### [WHAT IS EXPECTED]
Verbatim reproduction of the entries is required; images must be omitted.

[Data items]

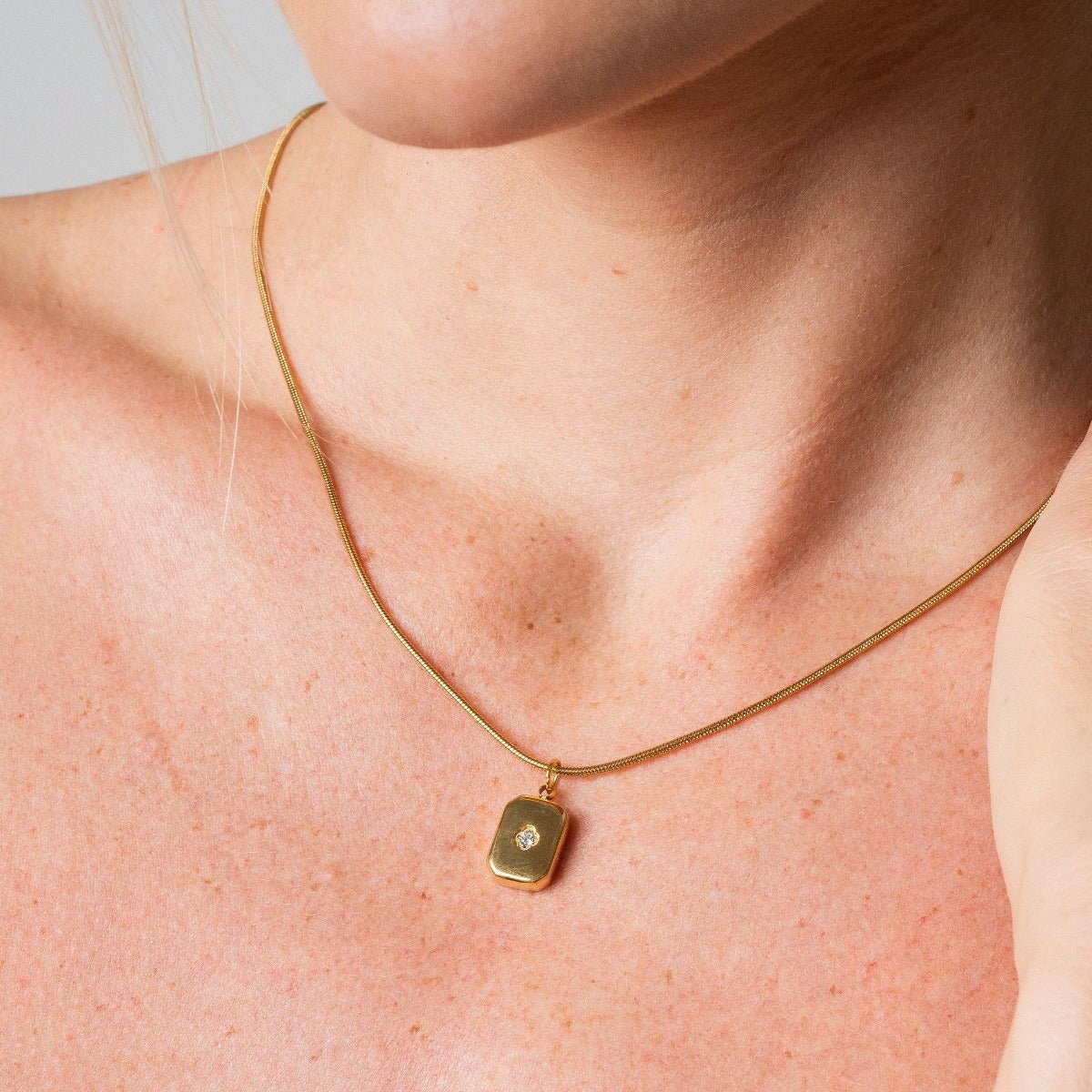 Collar Shine con colgante bañado en oro de 18 quilates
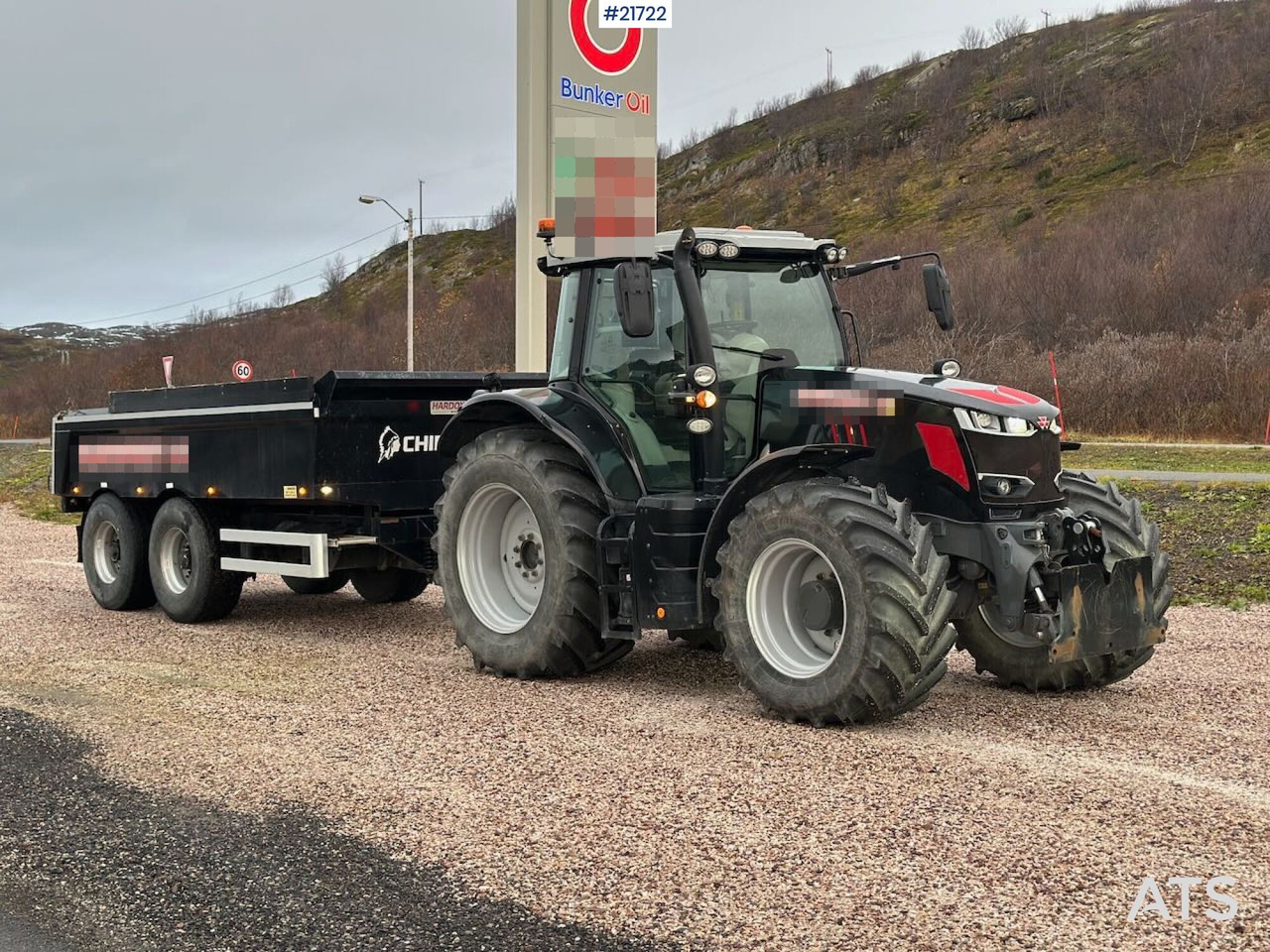 Massey Ferguson 7719 S 4x4 brøyterigget traktor m/ 2 sett dekk, snøfres og henger. SE VIDEO - Traktor: billede 5 Massey Ferguson 7719 S 4x4 brøyterigget traktor m/ 2 sett dekk, snøfres og henger. SE VIDEO - Traktor: billede 5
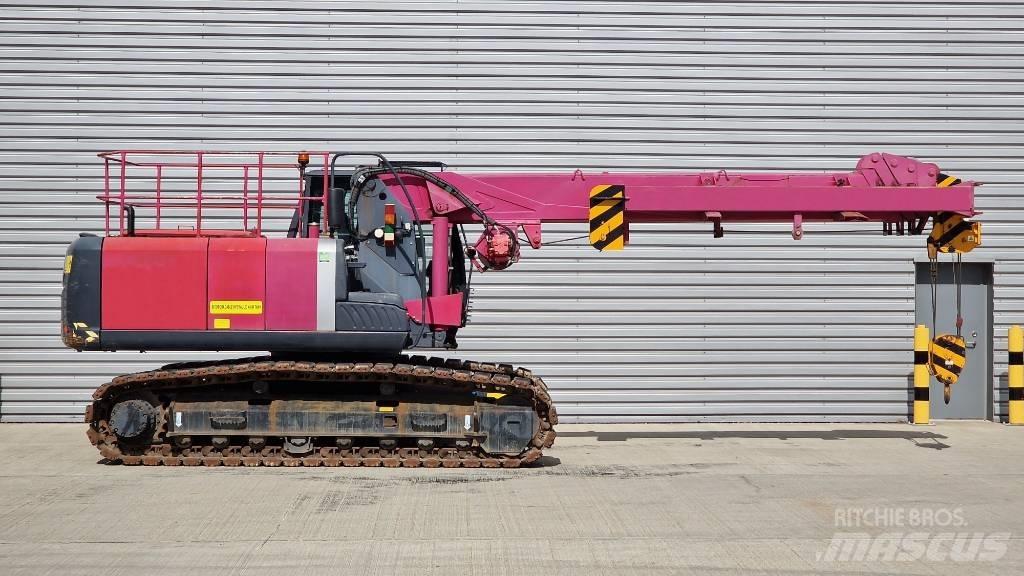 Hitachi ZX 210 LC-3 Roomikkraanad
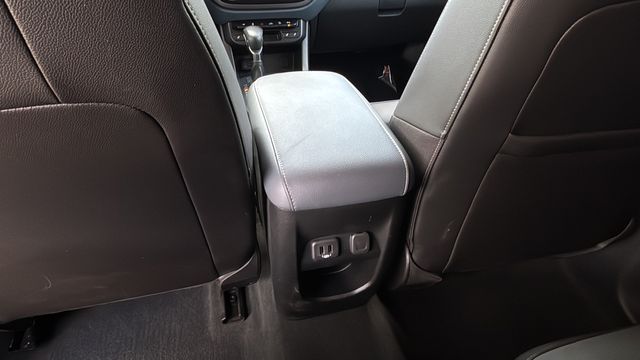 Used 2022 Black Chevrolet Z71 image 20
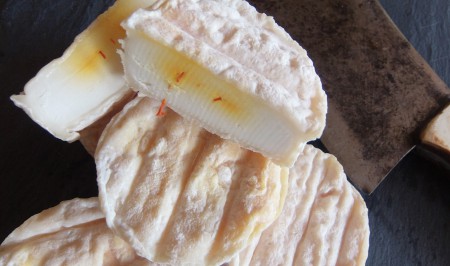 Fromage de chévre au safran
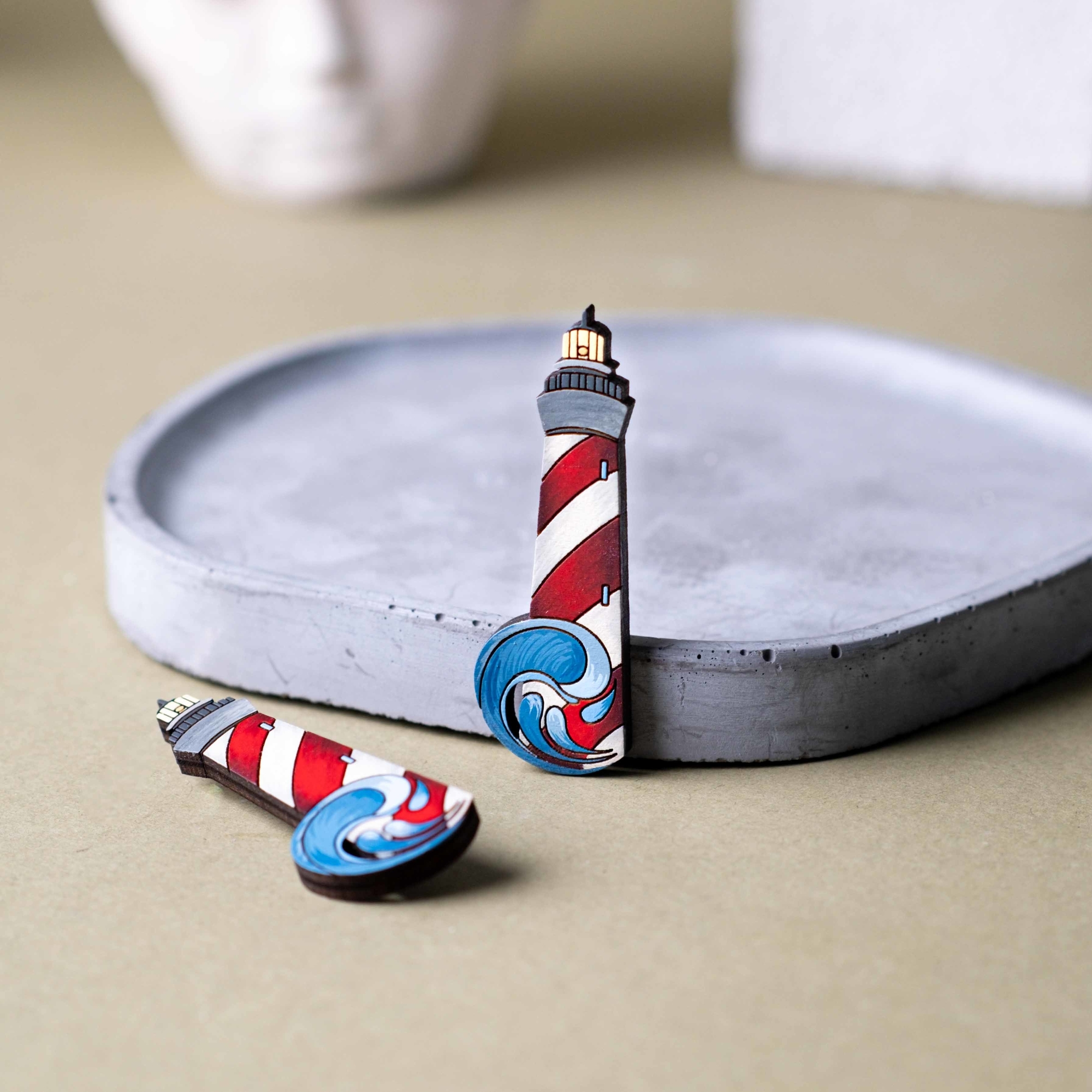 Значок из дерева маяк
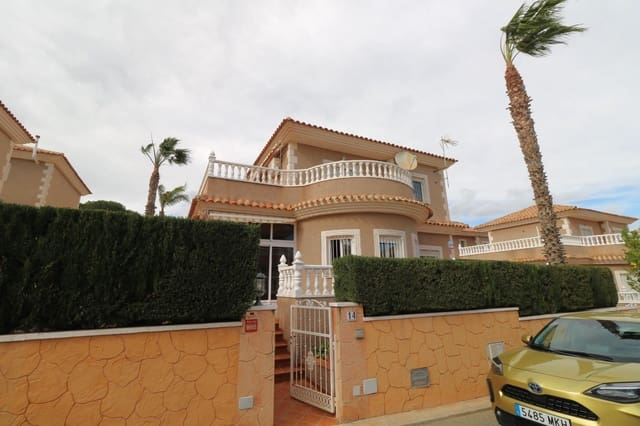 4 sypialnia Willa na sprzedaż w Torrevieja - 360 000 € (Ref: 9605414)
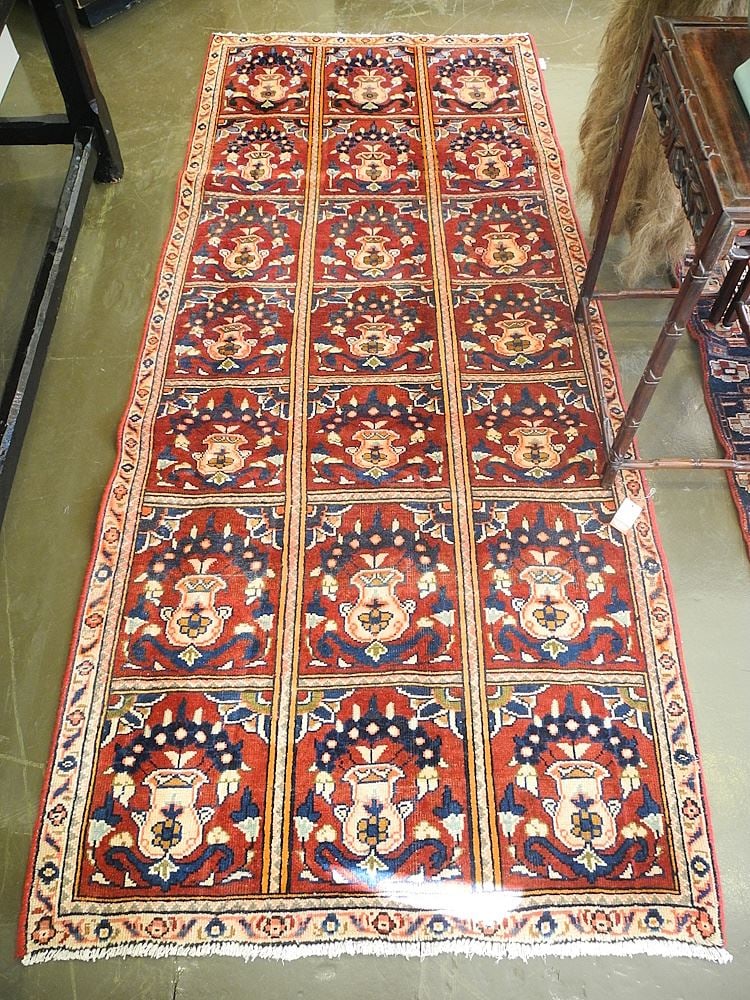 Najafabad Runner Approximately 8'7" x 3'8". (1 of 3)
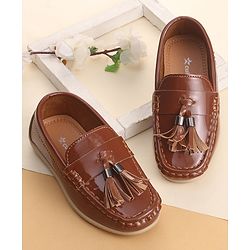 Cute Walk by Babyhug Slip On Loafers with Tassels Applique - Brown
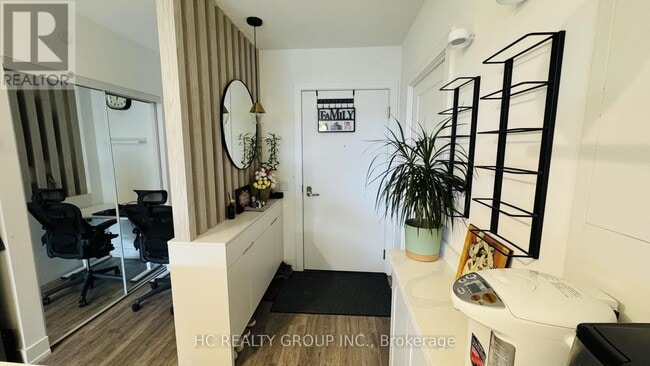 Building Photo - 9 Clegg Rd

### [RESULT OF THIS EXERCISE]
 Collar Shine con colgante bañado en oro de 18 quilates
 Massey Ferguson 7719 S 4x4 brøyterigget traktor m/ 2 sett dekk, snøfres og henger. SE VIDEO - Traktor: billede 5 Massey Ferguson 7719 S 4x4 brøyterigget traktor m/ 2 sett dekk, snøfres og henger. SE VIDEO - Traktor: billede 5
 Hitachi ZX 210 LC-3 Roomikkraanad
 Used 2022 Black Chevrolet Z71 image 20
 Fromage de chévre au safran
 Значок из дерева маяк
 4 sypialnia Willa na sprzedaż w Torrevieja - 360 000 € (Ref: 9605414)
 Najafabad Runner Approximately 8'7" x 3'8". (1 of 3)
 Cute Walk by Babyhug Slip On Loafers with Tassels Applique - Brown
 Building Photo - 9 Clegg Rd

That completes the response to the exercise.